Institute of Tropical Medicine, Eberhard Karls University, University Clinics Tübingen, Wilhelmstr. 27, 72074, Tübingen, Germany.
Department of Pathology, Institute of Pathology and Neuropathology, Eberhard Karls University, University Clinics Tübingen, Liebermeisterstr. 8, 72076, Tübingen, Germany.
Epidemiol Infect. 2020 Nov 13;148:e284. doi: 10.1017/S0950268820002757.

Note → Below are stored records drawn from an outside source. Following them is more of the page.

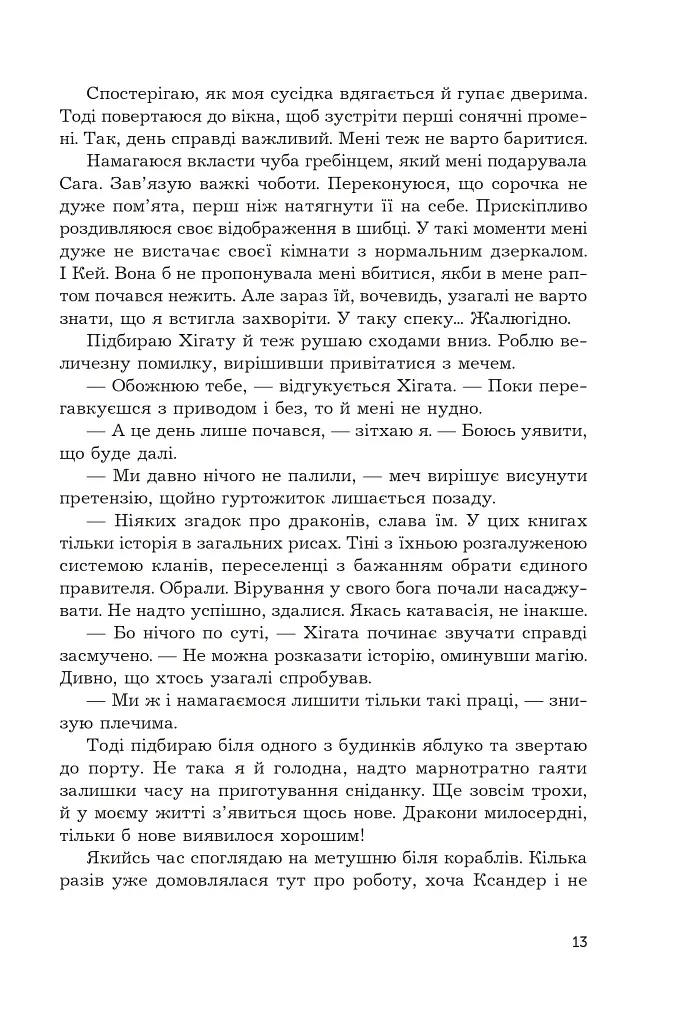 Загроза без обличчя - Олександра Черепан - фото 8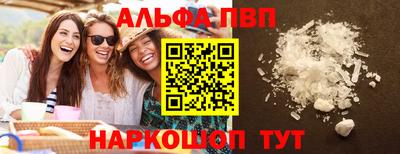 ешки Можайск
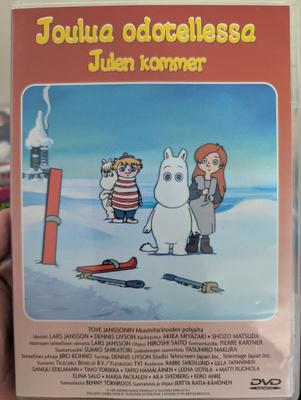 Joulua Odotellessa DVD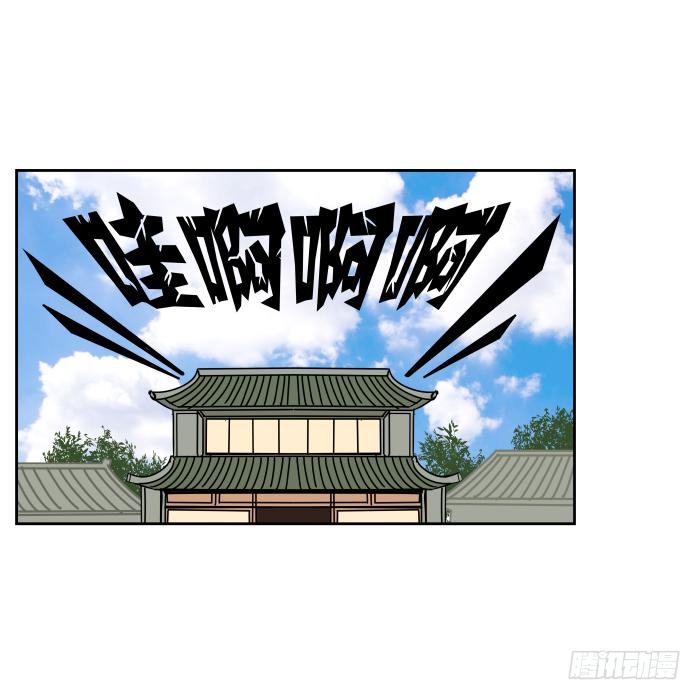 铮刃门的&ldquo;危机&rdquo;02-第20话
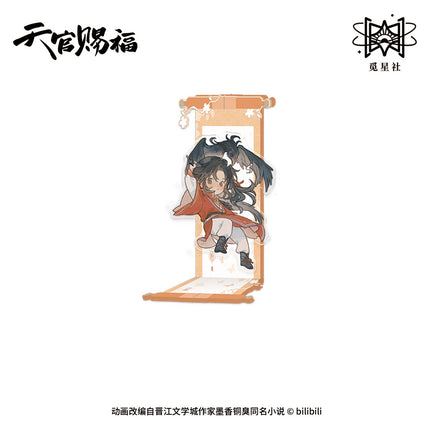 Heaven Official's Blessing | Si Ling Yun Zhang Series Chibi Fridge Magnet & Charm & Acrylic Stand Set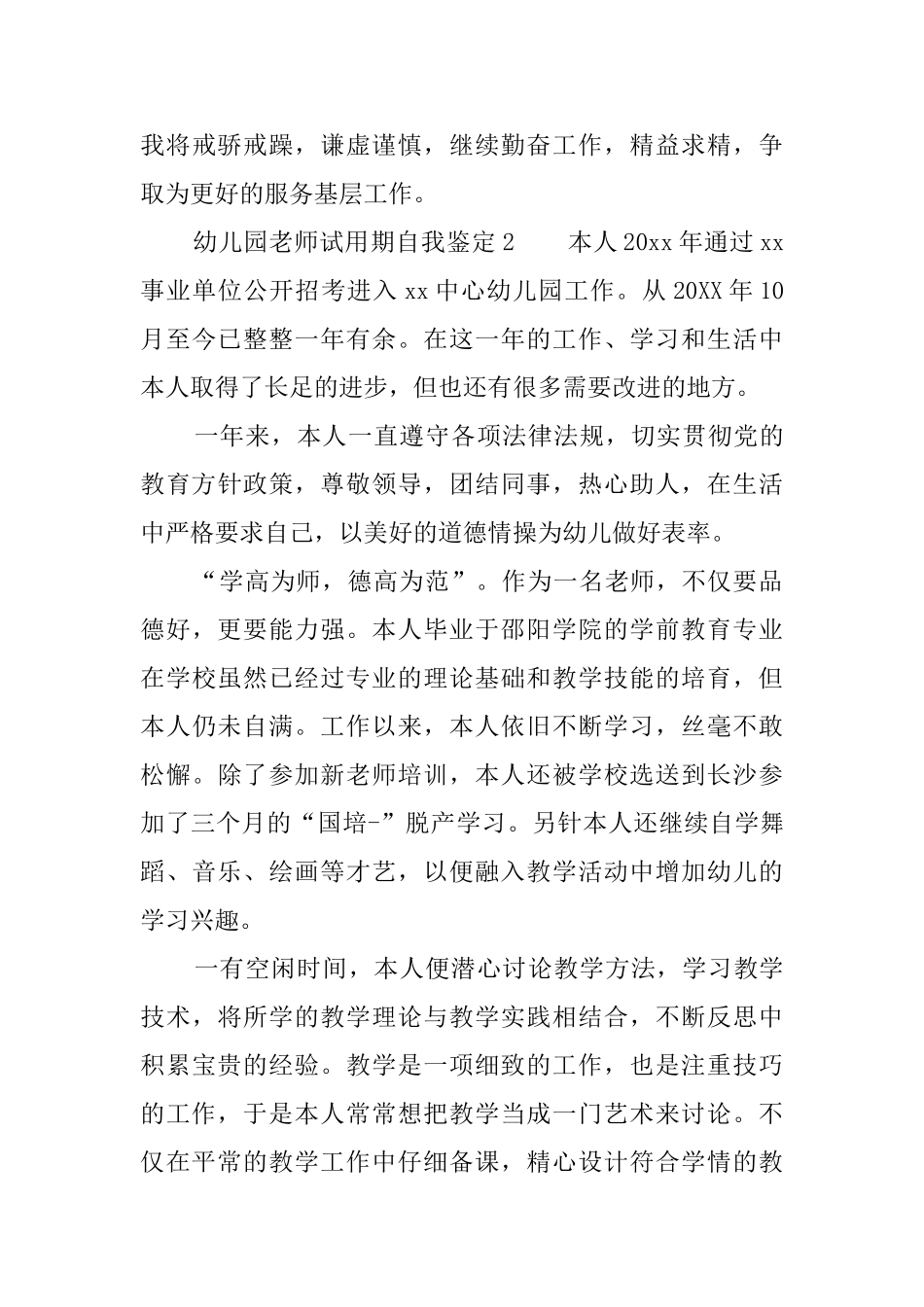 幼儿园教师试用期自我鉴定_第3页
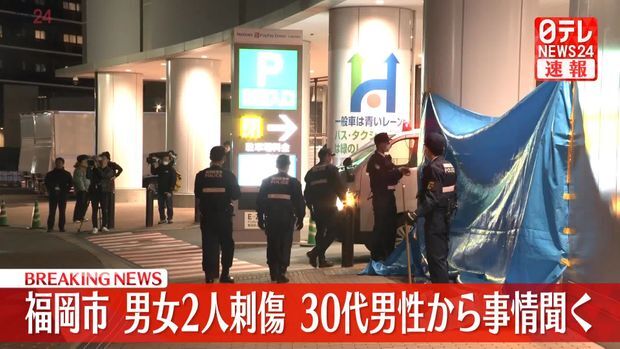 福岡刺傷事件：関与をほのめかす30代男性から事情聴取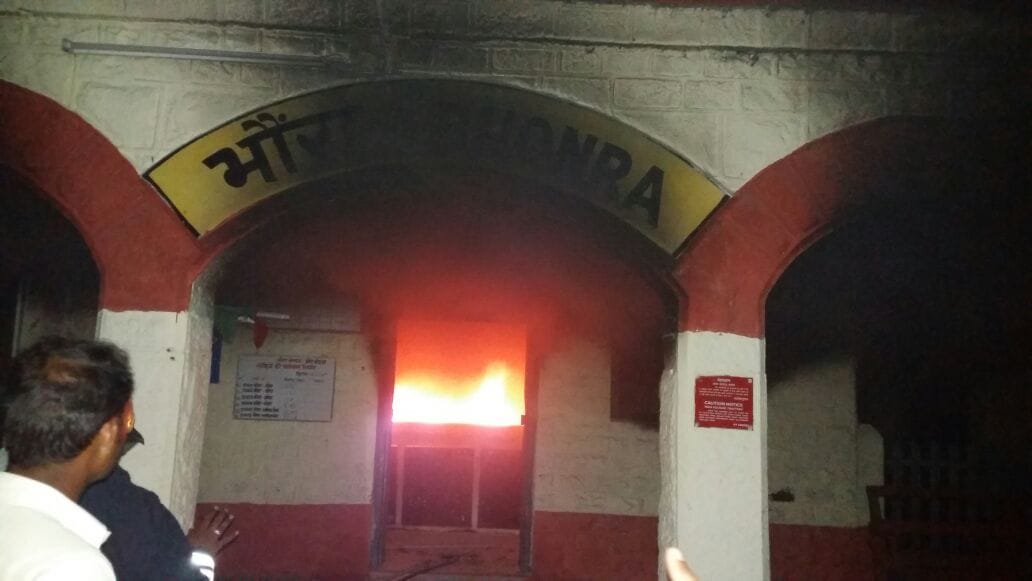 ram rahim supporter burn the railway station in kota division 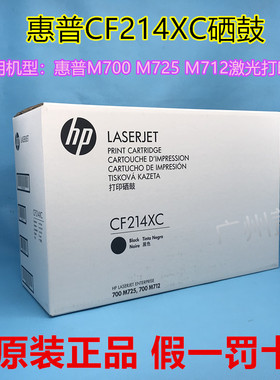 原装HP14X惠普CF214XC 硒鼓M700 M712n M712 M725dn M725F CF214X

Google's 'Community Mobility Reports' (CMR) detail changes in activity and mobility occurring in response to COVID-19. They thus offer the unique opportunity to examine the relationship between mobility and disease incidence. The objective was to examine whether an association between COVID-19-confirmed case numbers and levels of mobility was apparent, and if so then to examine whether such data enhance disease modelling and prediction. CMR data for countries worldwide were cross-correlated with corresponding COVID-19-confirmed case numbers. Models were fitted to explain case numbers of each country's epidemic. Models using numerical date, contemporaneous and distributed lag CMR data were contrasted using Bayesian Information Criteria. Noticeable were negative correlations between CMR data and case incidence for prominent industrialised countries of Western Europe and the North Americas. Continent-wide examination found a negative correlation for all continents with the exception of South America. When modelling, CMR-expanded models proved superior to the model without CMR. The predictions made with the distributed lag model significantly outperformed all other models. The observed relationship between CMR data and case incidence, and its ability to enhance model quality and prediction suggests data related to community mobility could prove of use in future COVID-19 modelling.
谷歌的“社区流动性报告”(CMR)详细说明了 COVID-19 疫情下活动和流动性的变化。因此,它们提供了一个独特的机会来研究流动性与疾病发病率之间的关系。目的是检验 COVID-19 确诊病例数量与流动性水平之间是否存在关联,如果存在,那么检验这些数据是否能增强疾病建模和预测。对全球各国的 CMR 数据与相应的 COVID-19 确诊病例数量进行了交叉相关分析。为每个国家的疫情建立了模型来解释病例数量。使用贝叶斯信息准则对比了使用数值日期、同期和分布式滞后 CMR 数据的模型。引人注目的是,西欧和北美的主要工业化国家的 CMR 数据与病例发病率之间呈负相关。对所有大陆的全面检查发现,除了南美洲以外,其他大陆都呈负相关。在建模时,CMR 扩展模型优于没有 CMR 的模型。分布式滞后模型的预测明显优于所有其他模型。CMR 数据与病例发病率之间的观察到的关系及其增强模型质量和预测的能力表明,与社区流动性相关的数据可能在未来的 COVID-19 建模中证明是有用的。